Natürlich müsse die Exekutive ein Weisungsrecht gegenüber der Verwaltung haben, erklärte Andreas Pöder (BürgerUnion), andererseits dürfe ein Beamter nicht zum willenlosen Vehikel der Politik werden, wie es auch die Verfassung vorschreibe. Im angelsächsischen Modell werde mit jeder neuen Regierung die Führungsebene ausgetauscht, aber auf dem Festland gebe es eine andere Orientierung, da setze man auf Kontinuität und Bürgernähe. Aus dem Gesetzentwurf könne man ein Durchgriffsrecht der Ressortdirektoren herauslesen.

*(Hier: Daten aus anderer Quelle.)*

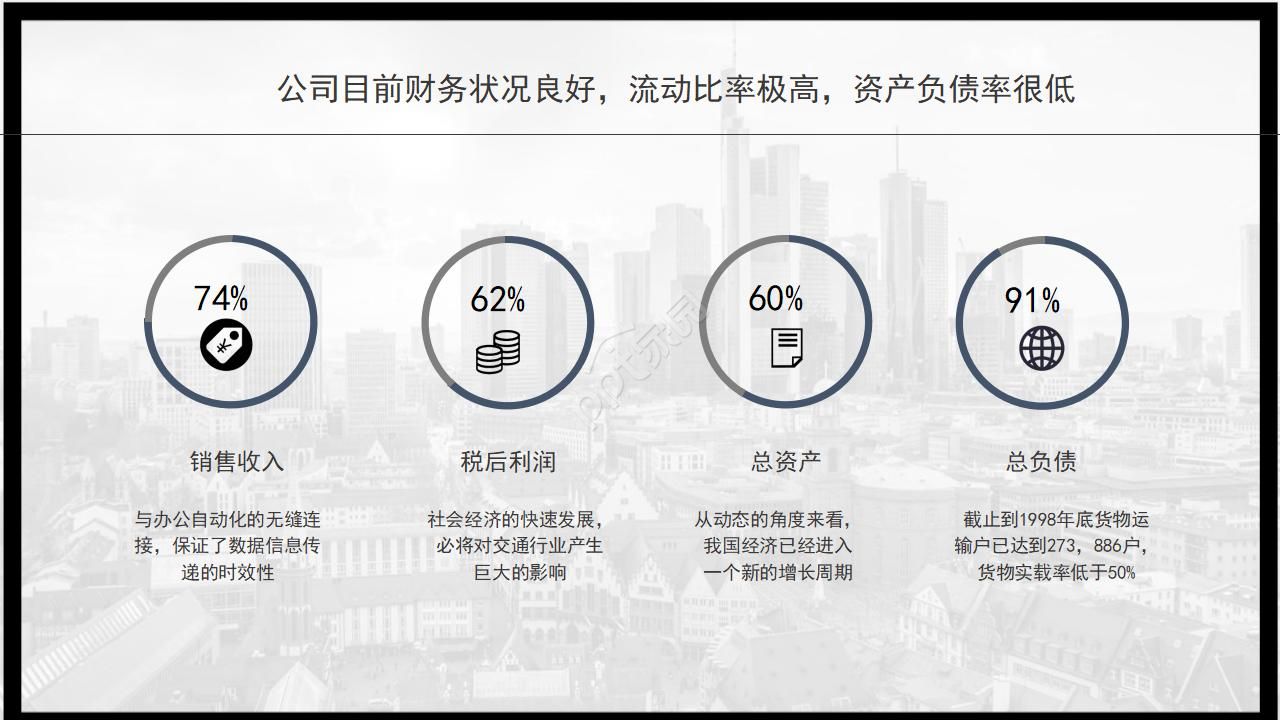 毕业答辩PPT模板(黑色风格)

Ob das gut sei oder nicht, hänge vom Vertrauensverhältnis mit den Bürgern ab. Wenn alles in Ordnung wäre, bräuchte es ein solches Gesetz gar nicht. Eine Gehälterobergrenze sei richtig, meinte Pöder, niemand in der Landesverwaltung sollte mehr verdienen als der Landeshauptmann, auch nicht in der Sanitätsverwaltung. Man brauche nicht in bestehende Verträge eingreifen, aber man sollte für die Zukunft vorsorgen. Die Sorge, dass man dann keine guten Manager mehr bekomme, sei unbegründet. Pöder sprach sich gegen die Befugnis für die Ressortdirektoren aus, Dekrete zu erlassen; wenn die Landesregierung eine Entscheidung durchsetzen wolle, müsse sie selbst dafür die Verantwortung übernehmen.

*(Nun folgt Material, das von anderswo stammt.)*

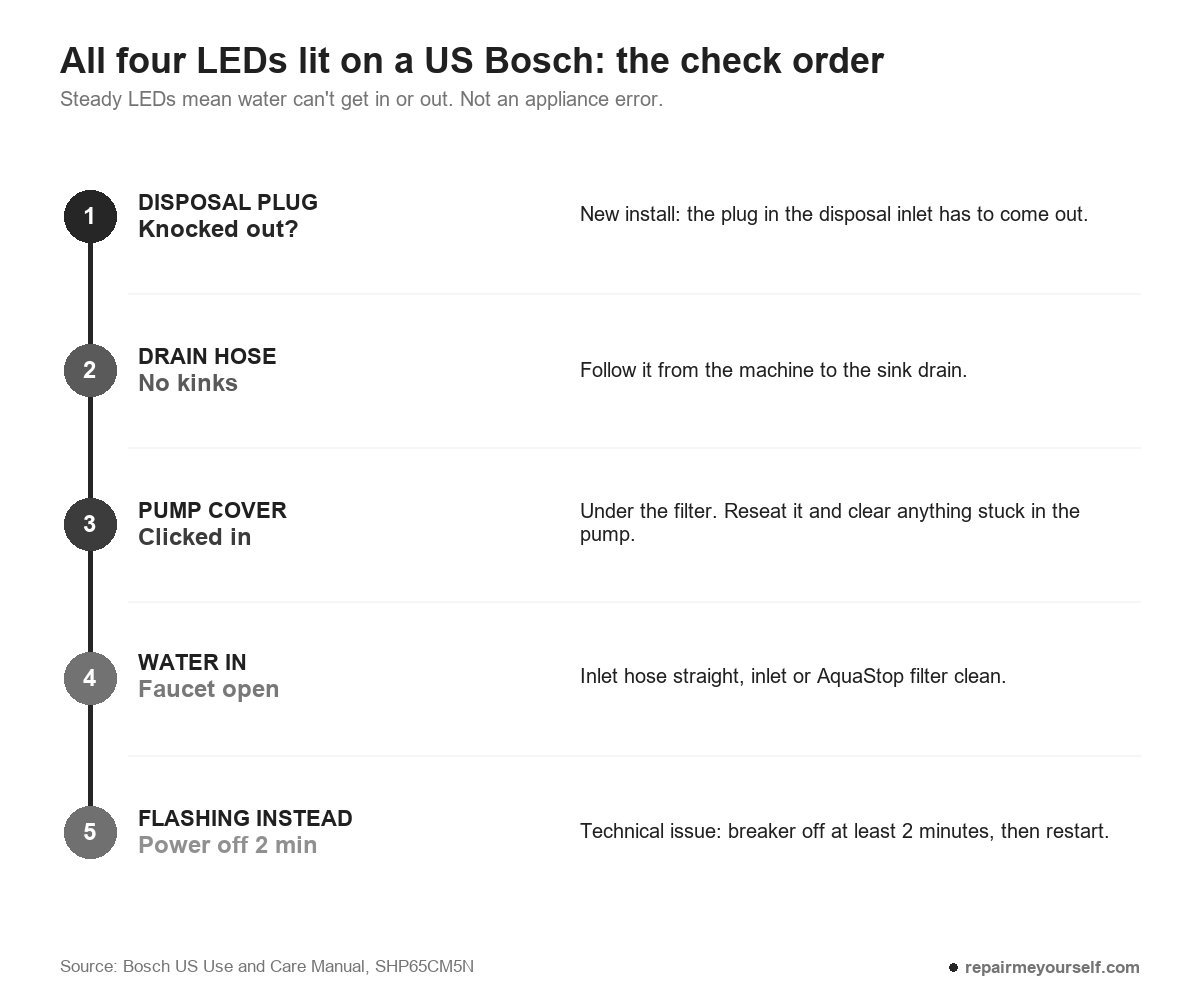 Check order when all four LEDs light on a US Bosch dishwasher: disposal plug, drain hose, pump cover, water supply, then a 2-minute power cut if they flash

LR Waltraud Deeg ging in ihrer Replik auf das Zusammenspiel von Politik und Verwaltung ein. Vielfach seien in der Debatte dazu Medienmeinungen wiedergegeben worden, so zum ursprünglichen Staffler-Entwurf. Die Landesverwaltung sei vertikal strukturiert, und das Projektmanagement sei in diesem Zusammenhang zu sehen. Es sei nicht angebracht, gleich schon dessen Missbrauch vorauszusehen. Deeg stellte auch in Abrede, dass dieser Gesetzentwurf rein das staatliche System übernehme. Man wolle das effiziente und kostengünstige System, das man habe, auch aufrecht erhalten. Man habe auch nicht das staatliche Führungskräfteverzeichnis übernommen. Vorliegender Entwurf enthalte nur, was man zusätzlich brauche. Die Möglichkeit für die Ressortdirektionen, Entscheidungen an sich zu ziehen, gebe es bereits, sie werde nun nur besser formuliert. Solche Maßnahmen müssten auch immer begründet werden. Es gebe auch kein “Zuckerle” für irgendjemanden. Man habe vor Jahren Generaldirektion und Generalsekretariat getrennt, aber vergessen, für beide eine Stabsstelle vorzusehen – dies werde hiermit nachgeholt. Die Eintragung ins Führungskräfteverzeichnis erfolge mit Wettbewerb, nicht durch Berufung. Deeg rief dazu auf, sich nicht über die Medien ein Bild vom Gesetz zu machen, die Erstellung des Entwurfs sei ein partizipativer Prozess gewesen. Die Verwaltung solle so aufgestellt sein, dass man sich einen bürgernahen Dienst erwarten könne. Mit dem LH-Gehalt als Obergrenze würde man nur die engere Landesverwaltung treffen, daher sei die Übernahme der staatlichen Obergrenze richtig.